Les élections législatives du 7 octobre 2016 ont confirmé :

 que le mécanisme politique du régime (ses pseudo conseils « représentatifs » et ses différentes institutions, …) semble bien efficace dans son rôle de maquiller le despotisme, et concrétiser l’alliance de la monarchie avec des forces politiques représentant les classes dominantes ;
 que l’expérience acquise du régime en matière d’intervention dans l’arène politique a donné son efficience, que ce soit à travers ses anciens instruments (Union constitutionnelle (UC), Rassemblement national des indépendants (RNI), Mouvement populaire (MP)…) ou nouveaux (le PAM, Parti authenticité et modernité) qui ont raflé, réunis, 48% des sièges du Parlement. Alors que les partis descendant du mouvement national bourgeois ont récolté environ 20% des sièges, et le parti de Benkirane environ 32%.

Les partis du mouvement national (qui ont constitué l’opposition historique, dont sa dernière configuration était la « Koutla » (Alliance démocratique) au début des années 1990), ont capitulé et dégénéré. Leurs lignes de démarcation des autres partis créés par le régime ne cessent de disparaitre, ce qui donne au régime une majorité de 68%. De son côté, le Parti de la justice et du développement (PJD) a démontré son attachement aux constantes du régime, et sa prédisposition à se résigner et à mettre en œuvre la politique qu’on lui dicte. Ceci donne au régime une majorité de près de 100% dans la Chambre des représentants.

Il est clair que le Parti de la justice et du développement représente une partie de cette vague d’islamisation qui a déferlé sur la région, et s’est développée sur les ruines de la gauche historique. Une vague qui même si elle entre en conflit, ou plus se heurte, avec le régime, elle n’est pas porteuse d’alternative au capitalisme dépendant, et sur le plan politique, ne peut aboutir qu’à une autre forme de tyrannie.

Le constat le plus flagrant est cependant l’absence totale d’une voix qui représente la classe ouvrière. Les travailleur.s.es, et les autres couches laborieuses sont alors divisées, soit en votants hébétés qui soutiennent tel ou tel parti de la bourgeoisie, ou en individus enfermés chez eux, désintéressés de la politique, mais qui bouillonnent de rage d’impuissance.

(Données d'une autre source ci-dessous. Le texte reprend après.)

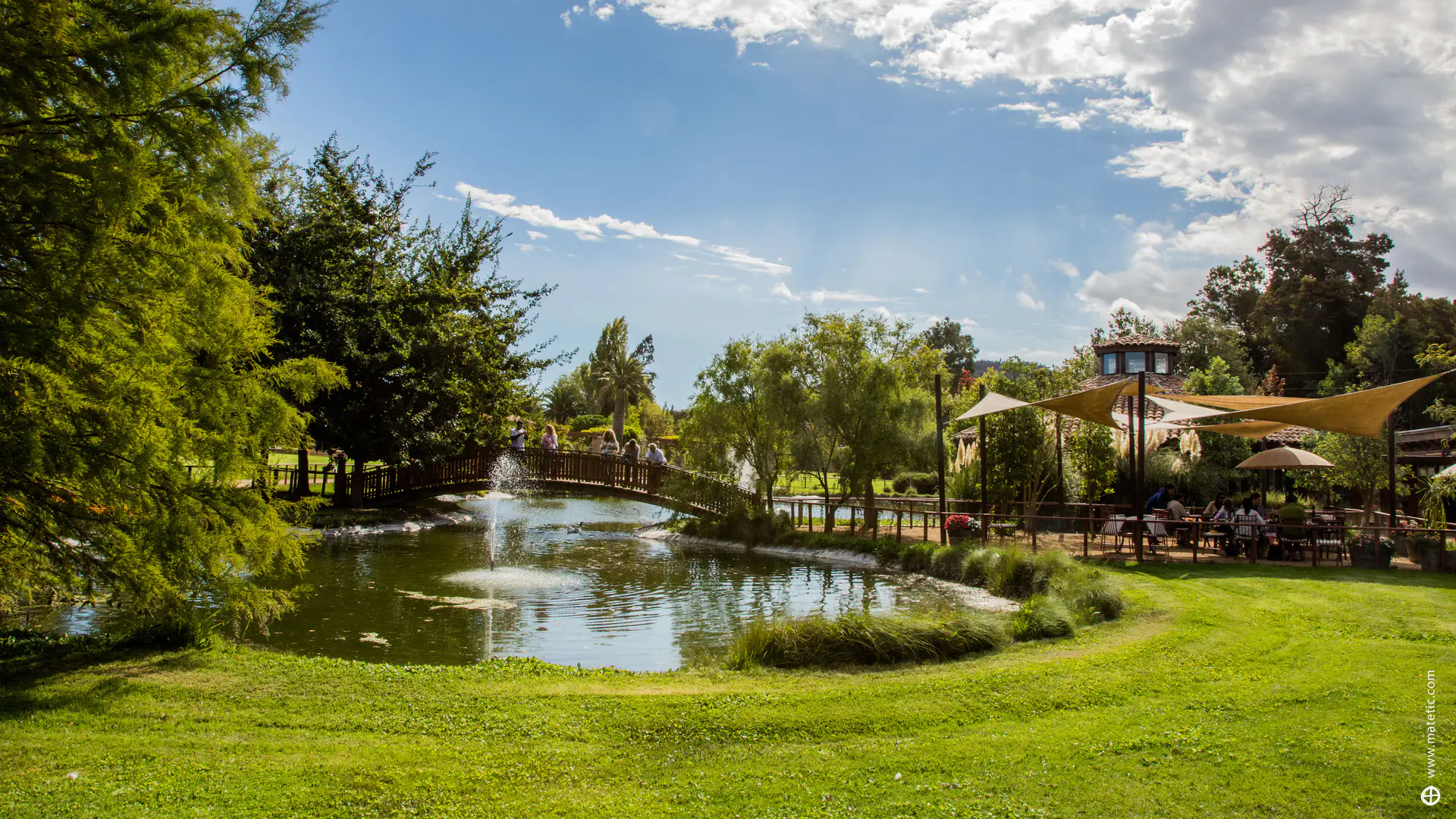 Matetic Jardines 026.webp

Le régime a bien huilé sa machine politique et y a changé certaines pièces pour poursuivre ses attaques violentes contre les quelques acquis qui nous restent et resserrer l’étau autour des libertés démocratiques.

Après le renouvellement de sa façade gouvernementale, le régime ne tardera pas à attaquer sur d’autres fronts :
 la restriction du droit de grève au point de le rendre impossible ;
 le démantèlement du système de la Fonction publique ;
 la généralisation de la flexibilité et de la précarité en recourant au système contractuel à durée déterminée dans la fonction publique ;
 la révision du droit du travail pour le rendre encore plus flexible répondant aux intérêts du capital local et étranger ;
 la réduction des dépenses sociales ;
 le paiement de la dette en vue de la ramener à un niveau qui satisfait les institutions financières mondiales.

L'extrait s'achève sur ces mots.